An ideal gas is at a temperature  $T$  having molecules each of mass  $m .$  If  $k$  is the Boltzmann's constant and  $2 \mathrm { kT } / \mathrm { m } = 1.40 \times 10 ^ { 5 } \mathrm { m } ^ { 2 } / \mathrm { s } ^ { 2 } .$  Find the percentage of the fraction of molecules whose speed lie in the range  $324\mathrm { m } / \mathrm { s }$  to  $326\mathrm { m } / \mathrm { s } .$

  1. $0.52 %$
  2. $0.43 %$
  3. $0.21 %$
  4. $0.14 %$
Question 22 Multiple Choice (Single Answer)

In Vander Waal's equation the critical $P _{c}$ is given by

  1. 3b
  2. $\displaystyle\ \frac{a}{27b^{2}}$
  3. $\displaystyle\ \frac{27a}{b^{2}}$
  4. $\displaystyle\ \frac{b^{2}}{a}$
Question 23 Multiple Choice (Single Answer)

The temperature of an ideal gas at atmospheric pressure is 300K and volume $lm^3$.If temperature and volume become double, then pressure will be

  1. $10^5 N/m^2$
  2. $2\times 10^5 N/m^2$
  3. $0.5\times 10^5 N/m^2$
  4. $4\times 10^5 N/m^2$
Question 24 Multiple Choice (Single Answer)

Assertion: Real gases do not obey the ideal gas equation.

Reason: In the ideal gas equation, the volume occupied by the molecules as well as the inter molecular forces are ignored.

  1. Both assertion (A) and reason (R) are correct and R gives the correct explanation
  2. Both assertion (A) and reason (R) are correct but R doesnt give the correct explanation
  3. A is true but R is false
  4. A is false but R is true
Question 25 Multiple Choice (Single Answer)

A real gas can be approximated to an ideal gas at

  1. Low density
  2. High pressure
  3. High density
  4. Low temperature
Question 26 Multiple Choice (Single Answer)

If N be the Avogardo's number and R be the gas constant , then Boltzmann constant id given by 

  1. RN
  2. R/N
  3. N/R
  4. I/RN
Question 27 Multiple Choice (Single Answer)

Real gases approaches ideal gas at high temperature and low pressure because

$A$.   Inter atomic separation is large 

$B$.   Size of the molecule is negligible when compared to inter atomic separation 

  1. a & b are true
  2. only a is true
  3. only b is true
  4. a & b are false
Question 28 Multiple Choice (Single Answer)

A sample of an ideal gas occupies a volume V at a pressure P and absolute temperature T, the mass of each molecule is m.
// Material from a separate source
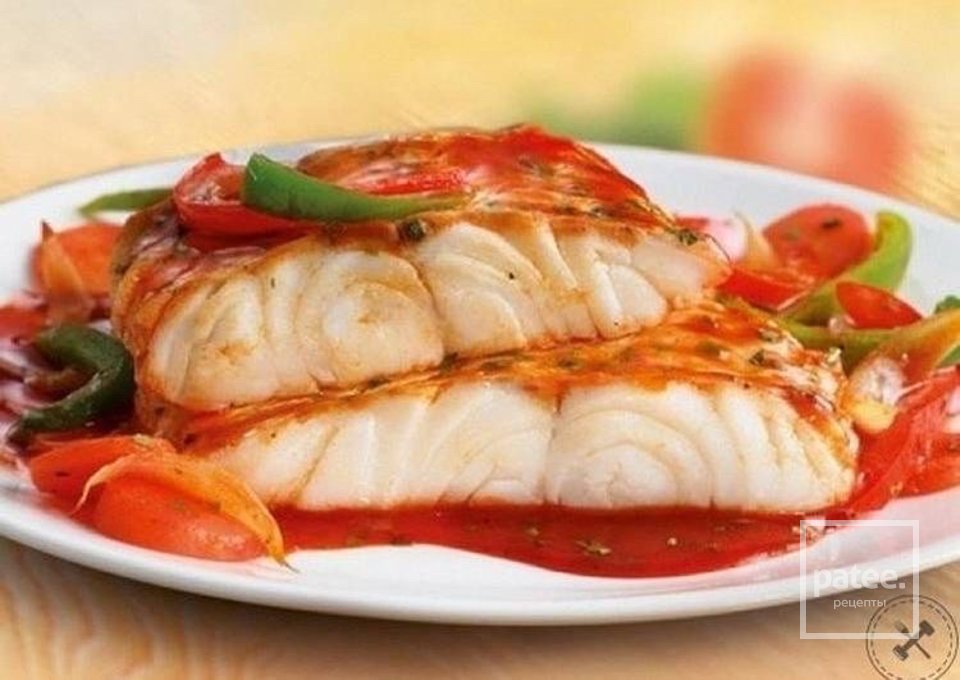 Рыба под овощным маринадом 🐟 - Шаг 1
The expression for the density of gas is (k= Boltzmann's constant)

  1. $mkT$
  2. $P/kT$
  3. $P/kTV$
  4. $Pm/kT$
Question 29 Multiple Choice (Single Answer)

The equation of state of n moles of a non-ideal gas can be approximated by the equation 
$ (P + \dfrac{an^2}{V^2})(V -nb) = nRT $ 
where a and b are constants characteristics of the gas. Which of the following can represent the equation of a quasistatic adiabat for this gas (Assume that $C _V$ , the molar heat capacity at constant volume, is independent of temperature) ?

  1. $T(V-nb)^{R/C _v}=$ constant
  2. $T(V-nb)^{C _v/R}=$ constant
  3. $ \begin {pmatrix} T + \frac {ab}{V^2R} \end{pmatrix} (V-nb)^{R/C _v} = $ constant
  4. $ \begin {pmatrix} T + \frac {n^2 ab}{V^2R} \end{pmatrix} (V-nb)^{C _v/R} = $ constant
Question 30 Multiple Choice (Single Answer)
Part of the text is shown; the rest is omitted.